Die Welt, eine Heimat für Herren und Sklaven

REST DER WELT / GRAZ / DER AUFTRAG: DANTONS TOD

10/03/17 „Unsere Firma steht nicht mehr im Handelsregister“, sagt Debuisson mit drastischer Geste, auf dass auch seinen „Geschäftspartnern“ die Augen aufgehen: „Der Auftrag“ in Sachen exportierter Revolution ist obsolet.

Von von Reinhard Kriechbaum

Im Mutterland hat sich Napoleon aufgeschwungen zum Alleinherrscher, und die „schwarze“ Revolution am karibischen Rand-Schauplatz, in Jamaika, ist nun auch zum Scheitern verurteilt. Eine solche wäre, laut Auftrag, anzuzetteln gewesen – von Leuten, denen man besser nicht über den Weg traute. Aber es bestätigt sich, was die Pseudo-Revolutionäre zumindest schon zwischendurch mal ahnten: „Immer bleiben die Engel aus am Ende.“

Der Auftrag im Grazer Schauspielhaus war, Georg Büchners „Dantons Tod“ zu kreuzen mit Heiner Müllers Drama „Der Auftrag“. Regisseur Jan-Christoph Gockel setzte das forsch und von Beginn an auf hohem emotionalem Pegel um. Da steht die kleine Guillotine links vorne auf der Bühne bereit, und mit einer gewissen Würde, wenn auch mit leisen Seufzern stakst die Marionette Danton herein, um gleich mal den Kopf einzubüßen. Der zweite Puppenführer, der „Regisseur“ hat einen Kassettenrecorder dabei, Volkes Stimme dröhnt lautstark zur Szene.

Die Büchner-Bezüge liegen nahe, stehen als Theater im Theater auch schon in „Der „Auftrag“. Textlich ist so gut wie der ganze Heiner Müller stehen geblieben, dazu kommen viele Büchner'sche Einsprengsel im Puppenspiel. Büchner lässt Danton ja einmal sagen, die Revolutionäre seien „Puppen, von unbekannten Gewalten am Draht gezogen“. Das nimmt man in Graz beim Wort.

Marionettentheater also auf dem Thespiskarren. Der wird gezogen von einem SUV, und so bricht man auf: „Unser Kulturauftrag: die Demokratie zu bringen.“ Nach Peru eigentlich, aber es wird Jamaika. Ratlose Blicke in die Straßenkarten. Zu den missionseifrigen Revolutions-Importeuren, dem Chef de partie Debuisson mit seinen Handlangern Galloudec und Sasportas, kommen noch die zwei Puppenspieler, „unser Import vom Goethe-Institut“.

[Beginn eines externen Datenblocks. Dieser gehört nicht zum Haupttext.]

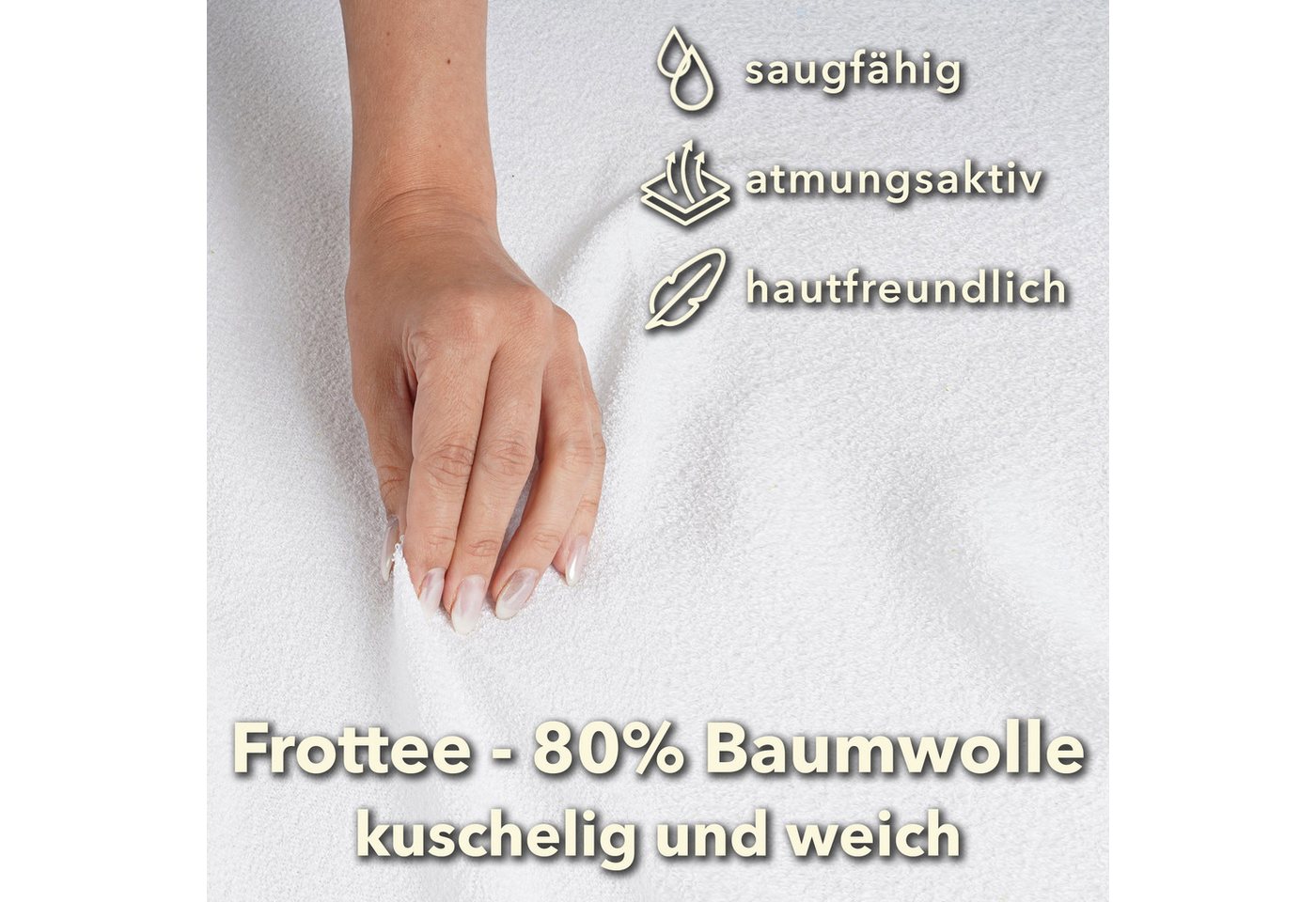 STUDIO Spannbettlaken Frottee, viele Größen, Baumwolle, weich & kuschelig, Baumwolle, Frottee, Gummizug: rundum, (1 Stück), 120x200 cm Bettlaken Spannbetttuch b – Bild 5 von 5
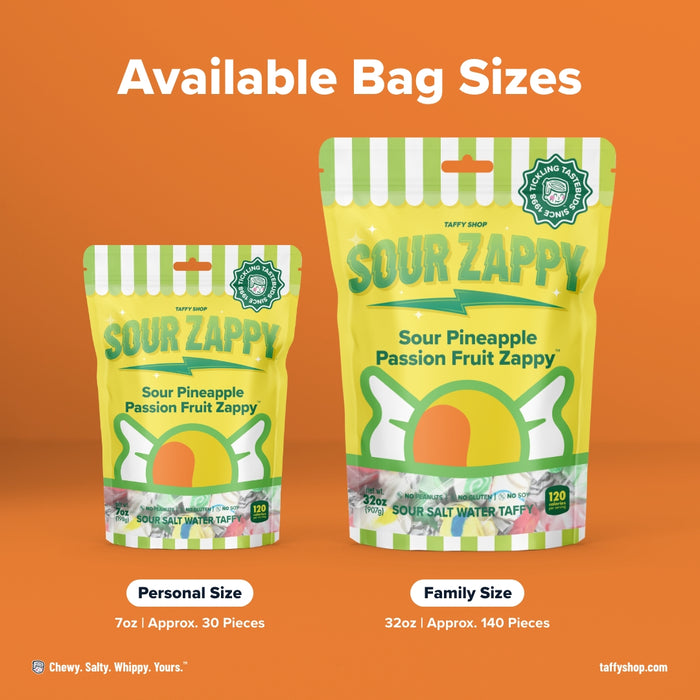 Sour Pineapple Passion Fruit Zappy Taffy Taffy Shop Wholesale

Jan-Christoph Gockel war natürlich klar, dass er es ob der Kombination zweier Theatertexte auch mit wahren Fluten papierener Phrasen, mit durchaus im Detail zähflüssiger Philosophie über das Wesen der Revolution zu tun bekommt. Heiner Müllers Text ist seinerseits ein Konglomerat mit nicht un-bizarren allegorischen Szenerien, mit Ausflügen gleichnishaften Charakters (etwa die Fahrstuhl-Szene, in der es dem Mann nicht gelingt, zum Chef vorzudringen).

Das will erst mal umgesetzt sein. Also mutig hinein in die handfest ausgetragen Techtelmechtel zwischen den selbsternannten Karibik-Revolutionären, in die Theatermaschinerie und Videoeffekte, und – ja schon auch – in die vordergründige Lautstärke.

Debuisson ist überraschenderweise als Hosenrolle angelegt: Julia Gräfner, die Energie in schierer Wucht einbringt und dabei mit brillanter Sprechkultur aufwartet, wird zum Nukleus dieser Aufführung, in einem Ensemble einprägsamer Typen. Florian Köhler ist der draufgängerische Galloudec – einer, der sich nur schwer einkriegen kann, wenn ihm etwas wider die Natur geht. Hintersinnig gibt sich Komi Mizrajim Togbonou als Sasportas: der ruhig reflektierende Edel-Schwarze, der die Schwachpunkte revolutionären Übereifers benennt. Der Engel der Verzweiflung (Evamaria Salcher) entledigt sich seiner überdimensionalen Flügel, wenn er auf der Auto-Rückbank den Revolutionär Debuisson an die Brust nimmt, der dort wie ein Säugling ruht. Aufs Effekthascherische versteht sich der Regisseur gut, überträgt solche Szenen dann auch noch in Großbildprojektion. Viel Popmusik, auch die trägt zum saftig-prallen revueartigen Gesamteindruck bei.

Und dann also der fatale Brief aus der Heimat, das Aus für die Polit-Mission, die Rückverwandlung der Revolutionäre in die alten Menschen- und Schurken-Muster. Das ist die letzte Herausforderung zur Text- und Phrasenbändigung, und da darf Julia Gräfner nochmal mächtig aufdrehen. Debuisson, der Meister von vierhundert Sklaven (das Wort Neger war damals, 1980, noch nicht verpönt): Keine Frage, „die Welt wird was sie war, eine Heimat für Herren und Sklaven“.